Wow. That's too confusing. Look at this table instead of reading the vomit I'm spewing:
Monday | Tuesday | Wednesday | Thursday | Friday | Saturday | |
Body Part(s) | Chest / Shoulders / Triceps | Legs | Back / Biceps | Chest / Shoulders / Triceps | Legs | Back / Biceps |
Style | Strength | Endurance / circuit | Strength | Endurance / circuit | Strength | Endurance / circuit |
Volume | ~200 reps | ~500 reps | ~200 reps | ~500 reps | ~200 reps | ~500 reps |
Number of Exercises | 8 | 8 | 8 | 8 | 8 | 8 |
Sets per Exercise | 3 | 4 | 3 | 4 | 3 | 4 |
Reps and Weights per Set | 10 (15RM), 8 (10RM), Failure (6RM) | 15 (20RM) | 10 (15RM), 8 (10RM), Failure (6RM) | 15 (20RM) | 10 (15RM), 8 (10RM), Failure (6RM) | 15 (20RM) |
Time | 1 hr + | 40 mins | 1 hr + | 40 mins | 1 hr + | 40 mins |
Post-workout Cardio | 20 mins HIIT | 40 mins heartrate | 20 mins HIIT | 140 mins heartrate) | 20 mins HIIT | 40 mins heartrate |
Example Exercises | Week 1: BB bench press, BB inclined press, weighted dips, BB shoulder press, Butterflies, skull-crushers, tricep kickbacks, tricep pushdowns. Week 2: DB bench press, DB inclined press, weighted dips, DB shoulder press, cable flyes, tricep bench press, tricep dip machine, rope pushdowns. | Available machines on a circuit | Week 1: Overhand BB rows, wide pull-ups, inverted rows, supinated pull-downs, reverse flyes, EZ-bar curls, DB hammer curls, Preacher curls Week 2: underhand BB rows, pull-ups, lat pull-downs, upright rows, shrugs, reverse EZ-bar curls, DB curls, cable curls. | Available machines on a circuit or dumbbells (to reduce time between sets. | Week 1: BB squats, hack squat machine (normal stance), hack squat machine(sumo stance), hack squat machine (close stance), step ups, calf raises, leg extensions, leg curls. Week 2: leg press (normal stance), leg press (sumo stance), leg press (close stance), deadlifts, stiff-legged deadlifts, calf raises, leg extensions, leg curls. | Available machines on a circuit or dumbbells (to reduce time between sets. |
Details | The first week, concentrate on barbell lifts. The second week, do dips and dumbbell lifts. Take 1-2 mins rest between sets. You should be sore for two days after this workout. | Take as little rest as possible between sets. Rest one minute between circuits while you drink water. You should be as close to throwing up as possible while still being able to perform. | Take 1-2 mins rest between sets. You should be sore for two days after this workout. | Take as little rest as possible between sets. Rest one minute between circuits while you drink water. You should be as close to throwing up as possible while still being able to perform. | The first week, concentrate on various squats. The second week, do deadlifts and leg presses. Take 1-2 mins rest between sets. You should be sore for two days after this workout. | Take as little rest as possible between sets. Rest one minute between circuits while you drink water. You should be as close to throwing up as possible while still being able to perform. |
6RM = six-rep maximum (first week is historical; the other weeks are calculated)
10RM = eight-rep maximum
15RM = fifteen-rep maximum
20RM = 20-rep maximum
This routine keeps your muscles guessing! You have 15, 10, 8 , and six reps. You have endurance weights until you puke, and then you turn around and lift to failure with a relatively heavy weight. My body is screaming at me, and my stomach is, too. I want to eat all the time. Controlling it is hard, but you can see the body changes in just the first two weeks. Eight weeks should be enough for this program, or I'll probably over-train.

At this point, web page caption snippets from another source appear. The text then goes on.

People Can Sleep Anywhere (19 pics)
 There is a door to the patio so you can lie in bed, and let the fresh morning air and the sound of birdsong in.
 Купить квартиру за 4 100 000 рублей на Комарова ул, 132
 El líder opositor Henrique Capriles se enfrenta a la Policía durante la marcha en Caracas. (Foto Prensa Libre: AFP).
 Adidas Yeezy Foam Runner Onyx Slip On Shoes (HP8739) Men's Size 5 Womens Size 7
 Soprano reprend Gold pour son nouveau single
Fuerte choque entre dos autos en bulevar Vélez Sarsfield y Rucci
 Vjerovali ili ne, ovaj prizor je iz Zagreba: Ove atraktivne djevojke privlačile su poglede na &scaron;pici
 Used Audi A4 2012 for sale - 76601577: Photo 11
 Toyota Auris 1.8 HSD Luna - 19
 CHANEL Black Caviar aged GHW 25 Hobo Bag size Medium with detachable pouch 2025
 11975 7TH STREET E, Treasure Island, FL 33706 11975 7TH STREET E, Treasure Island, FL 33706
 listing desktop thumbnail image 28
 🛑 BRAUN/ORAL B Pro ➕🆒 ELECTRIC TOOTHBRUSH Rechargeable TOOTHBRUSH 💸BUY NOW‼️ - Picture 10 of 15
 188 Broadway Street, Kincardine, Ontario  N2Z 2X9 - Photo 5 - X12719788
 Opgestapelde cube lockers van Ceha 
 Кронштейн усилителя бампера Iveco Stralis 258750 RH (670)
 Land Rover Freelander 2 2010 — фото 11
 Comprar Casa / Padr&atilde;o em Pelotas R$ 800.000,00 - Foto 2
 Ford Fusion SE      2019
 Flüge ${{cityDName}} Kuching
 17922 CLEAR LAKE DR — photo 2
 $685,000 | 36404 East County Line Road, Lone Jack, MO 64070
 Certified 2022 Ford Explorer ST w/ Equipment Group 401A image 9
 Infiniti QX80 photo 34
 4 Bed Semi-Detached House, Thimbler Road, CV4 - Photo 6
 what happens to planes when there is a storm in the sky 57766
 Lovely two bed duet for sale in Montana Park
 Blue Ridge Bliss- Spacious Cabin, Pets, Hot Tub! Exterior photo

For strength days, the last set is to failure based on a calculated 6-rep max (6rm), and the weight and reps are used to calculate the lifts for next time. Don't be afraid to use 2 and 5 lb. weights to get as close as possible to the calculated 6RM weight. If you complete six reps, you'll stay on the same weight the next time. If you complete more reps, the weight will increase the next time.
For endurance days, the goal is as little rest as possible. Be smart. Order your exercises so that you don't use the same basic muscle two exercises in a row. These workouts will totally blow your triceps and biceps to shreds. I prefer to use dumbbells and cable when I can, but the Nautilus machines are good, too.